La compétence universelle ne présente-t-elle pas des risques pour notre diplomatie ?

On imagine la crainte de plaintes visant tel ou tel dignitaire invité par la France : mais les parquets sont d’ores et déjà saisis de ce type de plaintes, sous les qualifications pour lesquelles la compétence universelle est déjà admise (torture …). L’étendre ou non aux crimes relevant du Statut de la CPI ne changera pas fondamentalement la situation de ce point de vue. Le Code de procédure pénale permet déjà d’écarter aisément les plaintes qui seraient artificielles. Ce « risque » (si c’en est un) est moins gênant pour l’image internationale de la France que d’être un des rares Etats à ne pas remplir sa part du travail de lutte contre l’impunité, après s’être montrée en pointe dans le soutien à la justice pénale internationale : comment justifier qu’elle ne s’applique pas les principes qu’elle soutient à l’ONU et dans sa politique internationale ? (Voir l’aide apportée au Sénégal pour qu’il juge Hissène Habré). C’est donc à nouveau une question de cohérence, cette fois de notre politique étrangère : si la France n’est pas prête à jouer sa part dans ce mouvement international, il ne fallait pas qu’elle promeuve la justice pénale internationale !

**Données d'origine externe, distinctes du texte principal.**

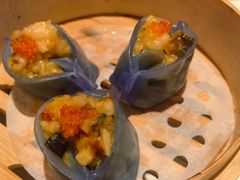 -老海陵·泰州菜(图书馆店)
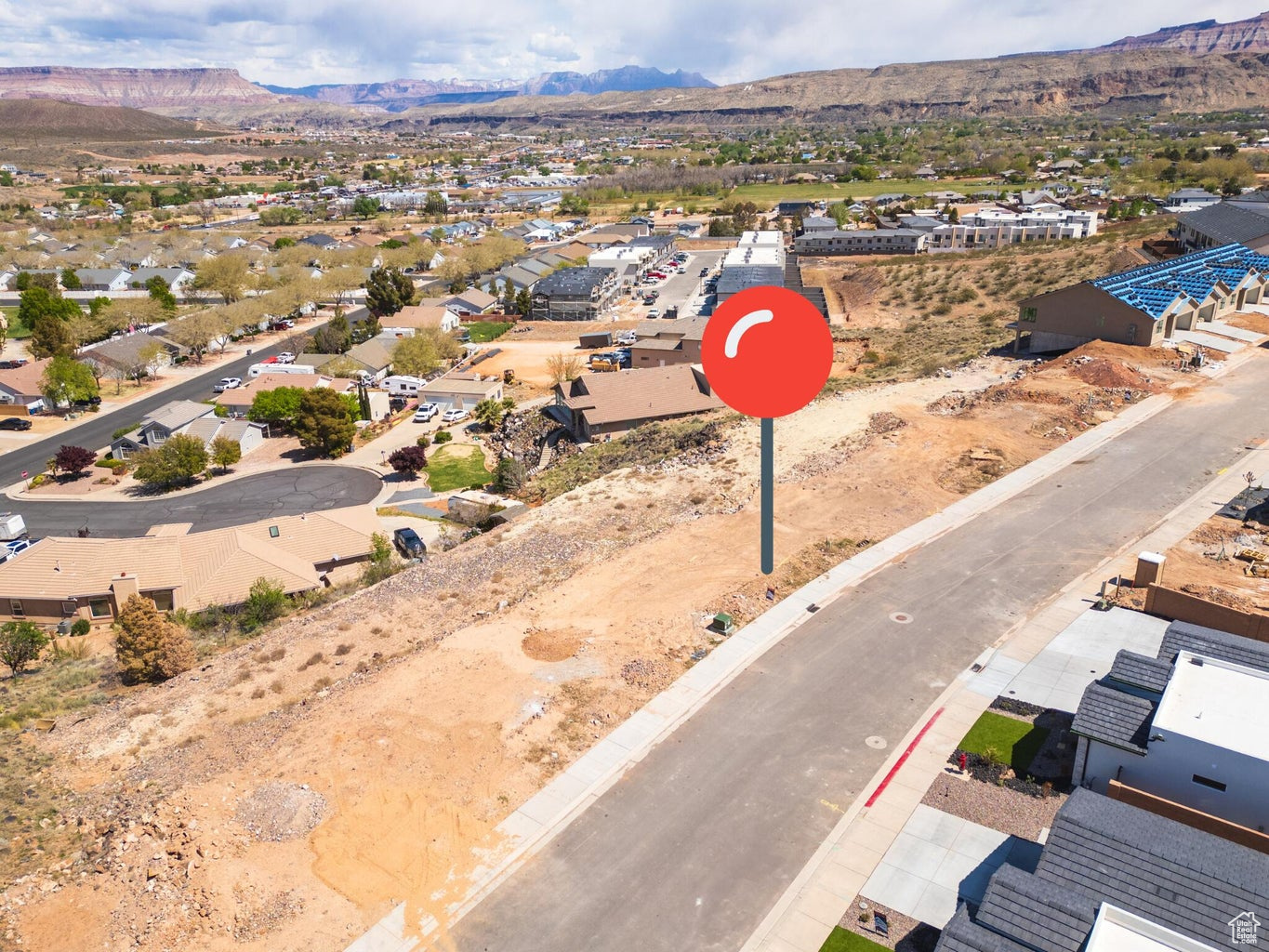 2242 W 320 #16, Hurricane, Utah image 4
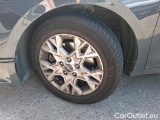  KIA  Cee'd 1.0 T-GDI 120 ISG ACTIVE BUSINESS SW #18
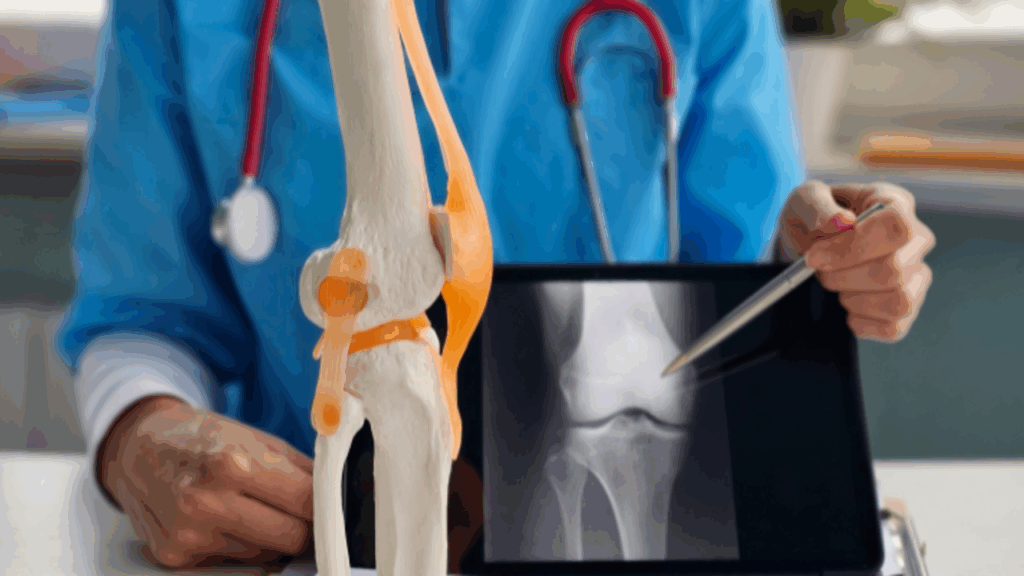 醫師規範與專業教練的指導下進行運動,訓練依然是找回日常生活功能的關鍵路徑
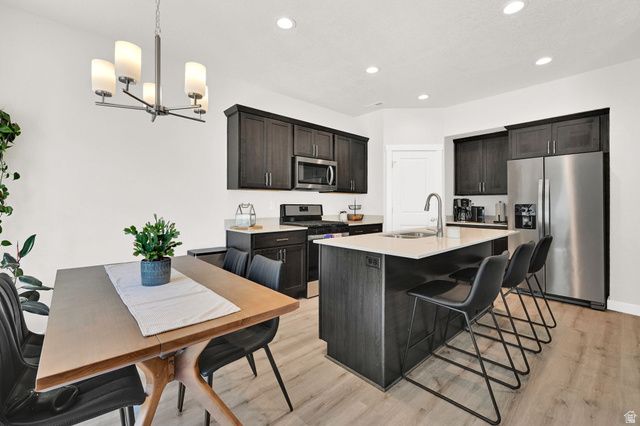 3546 S 4250 W, West Haven, UT 84401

Comment juger en France des faits qui se sont déroulés à des milliers de kilomètres ?

Il y a incontestablement de grandes difficultés pratiques et matérielles à instruire et juger en France des crimes commis à des milliers de kilomètres. Il ne sera pas toujours facile d’instruire et de juger sur des faits parfois anciens et éloignés. Mais les cours d’assises françaises ont déjà condamné (par contumace) un Argentin (affaire du capitaine Astiz, responsable de la « disparition » de religieuses françaises) ou un Mauritanien (affaire du capitaine Ely Ould Dah, arrêté pour des faits de torture alors qu’il était en France, mais libéré et reparti se réfugier dans son pays). En se dotant, pour certains d’entre eux, de services d’enquêtes spécialisés, l’Allemagne, l’Angleterre, le Danemark, l’Espagne, la Belgique, les Pays-Bas ont déjà jugé les responsables de crimes internationaux commis par exemple en ex-Yougoslavie, en Argentine, en Afghanistan ou au Rwanda : c’est donc possible. Les difficultés pratiques ne sont pas une raison pour renoncer à un choix politique important. La France a choisi, en ratifiant le Statut de Rome, de s’engager dans ce système de justice pénale internationale qui ne peut pas reposer sur la seule Cour pénale internationale, il lui appartient maintenant de s’en donner les moyens, au moins à la hauteur de ce qu’ont fait nos voisins européens.